PLSQL Tutorial - 
The 7 Worst Crimes Committed In Oracle PL/SQL 

In this PLSQL tutorial we're going to look at 7 common coding crimes - i.e. the things you shouldn't do if you want your PL/SQL code to be fast, efficient and easy to maintain. We're also going to see examples of good coding without which this PLSQL tutorial wouldn't be complete. 

1. Using PL/SQL when pure SQL would be faster

Have you ever seen this sort of thing in PL/SQL?

FOR rec IN (SELECT id FROM employee) LOOP

     UPDATE employee 
     SET salary=salary*1.1
     WHERE employee.id=rec.id;

END LOOP;

This sort of sloppy coding gives all developers a bad name and is rightly top of the list of crimes in our PLSQL tutorial.

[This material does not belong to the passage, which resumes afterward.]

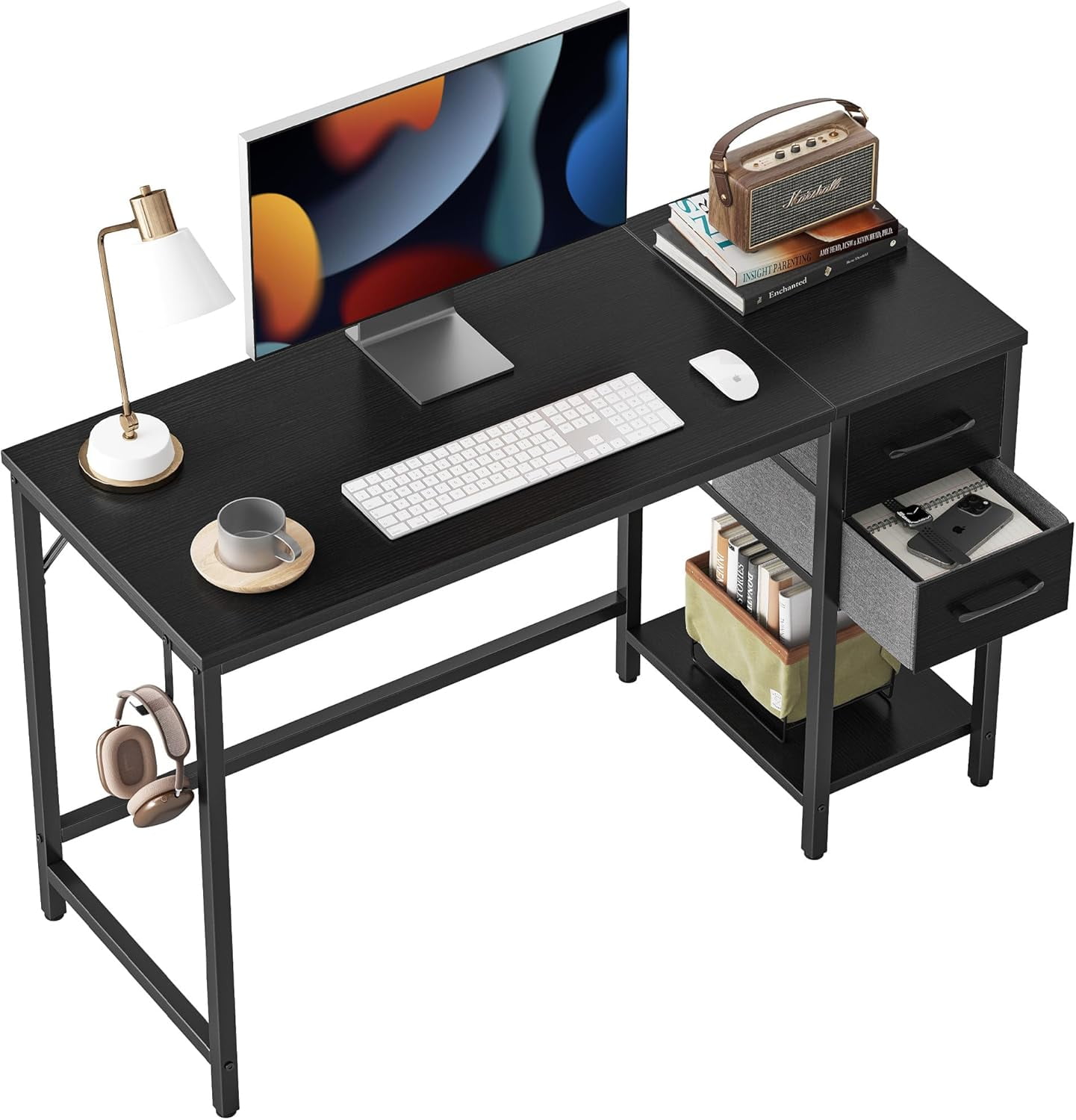 CubiCubi Computer Home Office Desk with 2 Drawers, 40 Inch Small Desk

Let's disect what's wrong with it. Firstly, the context switching between SQL and PL/SQL is likely to make it very slow. Secondly, the table is being updated one row at a time which means many more update statements have to be executed - again likely to make it very slow - and thirdly, it's just completely unnecessary.

A much faster method of doing this both in terms of execution speed and time to write the code is as a SQL statement like this:-

UPDATE employee SET salary=salary*1.1


You don't need PL/SQL at all for this!

2. Nested PL/SQL Cursor FOR LOOPs

Crime #2 in our PLSQL tutorial of the 7 worst crimes is another common one. In this case the crime is the nesting of cursor FOR LOOPs and using the outer cursors only to drive the inner cursor.

For example:

FOR dep_rec IN (SELECT id FROM department) LOOP

FOR emp_rec IN (SELECT id FROM employee WHERE dept_id=dep_rec.id) LOOP

       <do something with employee record>

   END LOOP;

END LOOP;

In this case the two cursors should be combined into one. Look out for this in anything that runs slowly. Fixing this could reduce run time by hours.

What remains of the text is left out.